- Problem description -
Your answer must be an exact copy of the records, minus any pictures.

- Dataset records -
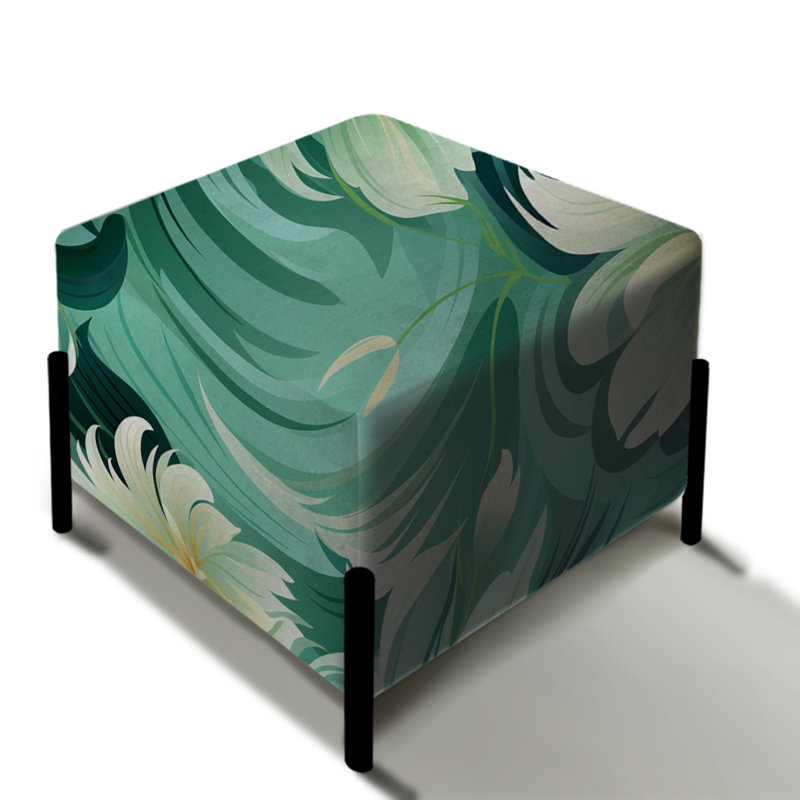 Repose-pieds floral vert menthe sans soudure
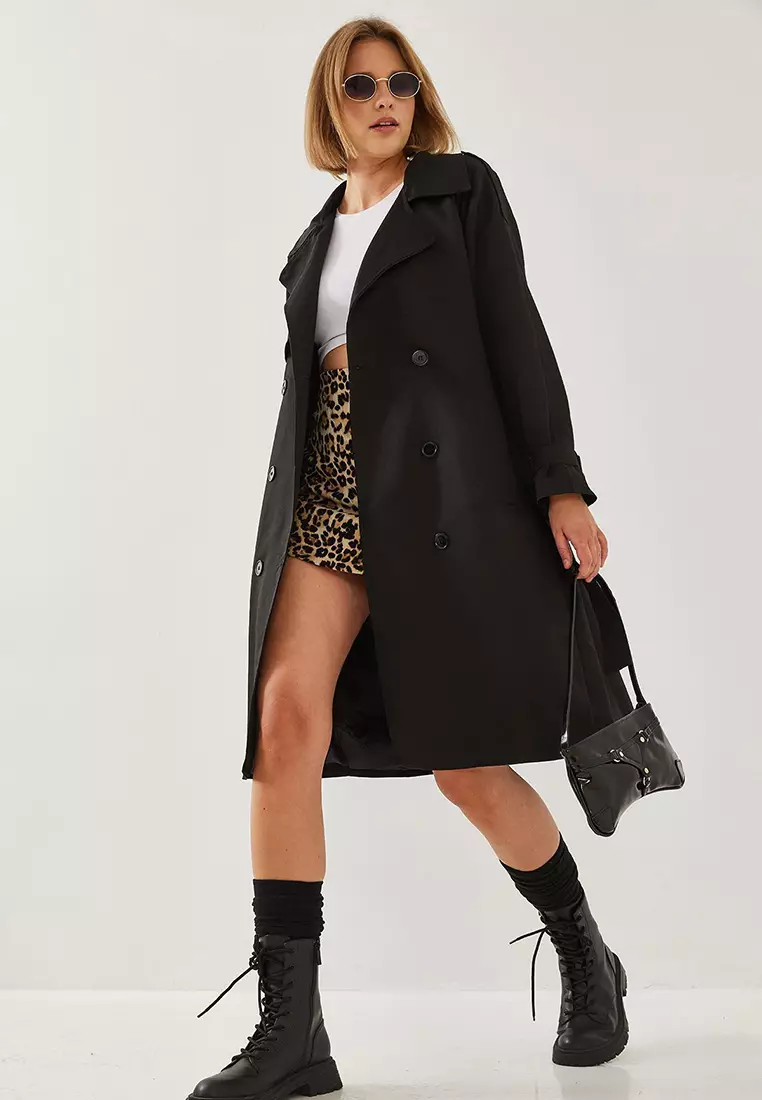 Women's Front Aller Detail Double Breasted Trench Coat 8118 60451015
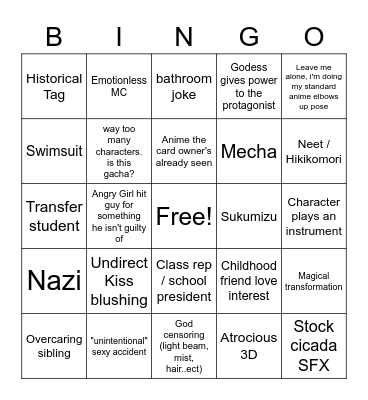 WEEB CARD Bingo Card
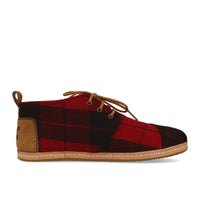 Bottes TOMS Femme en Feutre à Carreaux Rouges et Cuir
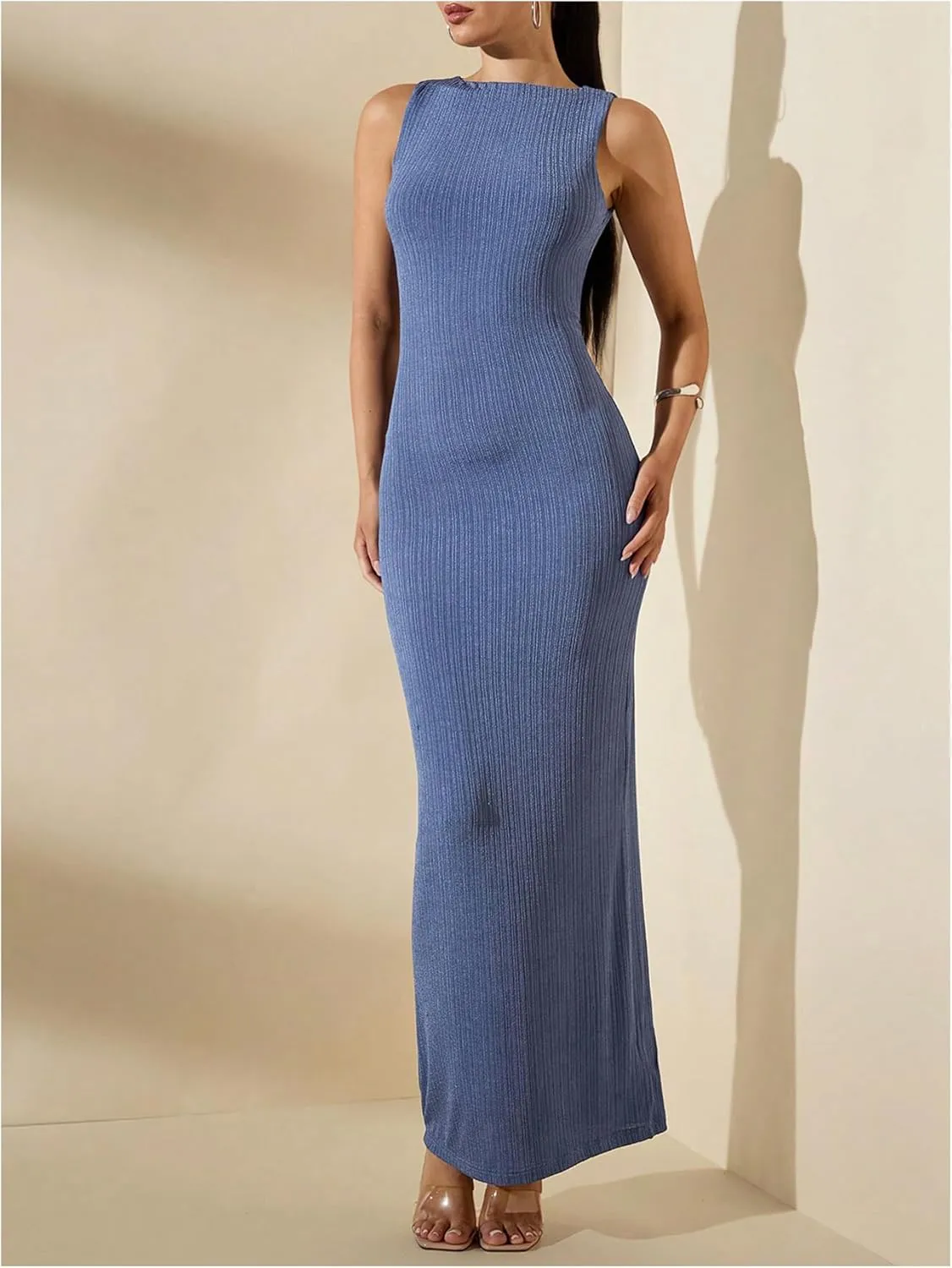 Floerns Women's Sleeveless Tank Dress Textured Rib Knitted Bodycon Maxi Dresses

- Reply -
 Repose-pieds floral vert menthe sans soudure
 Women's Front Aller Detail Double Breasted Trench Coat 8118 60451015
 WEEB CARD Bingo Card
 Bottes TOMS Femme en Feutre à Carreaux Rouges et Cuir
 Floerns Women's Sleeveless Tank Dress Textured Rib Knitted Bodycon Maxi Dresses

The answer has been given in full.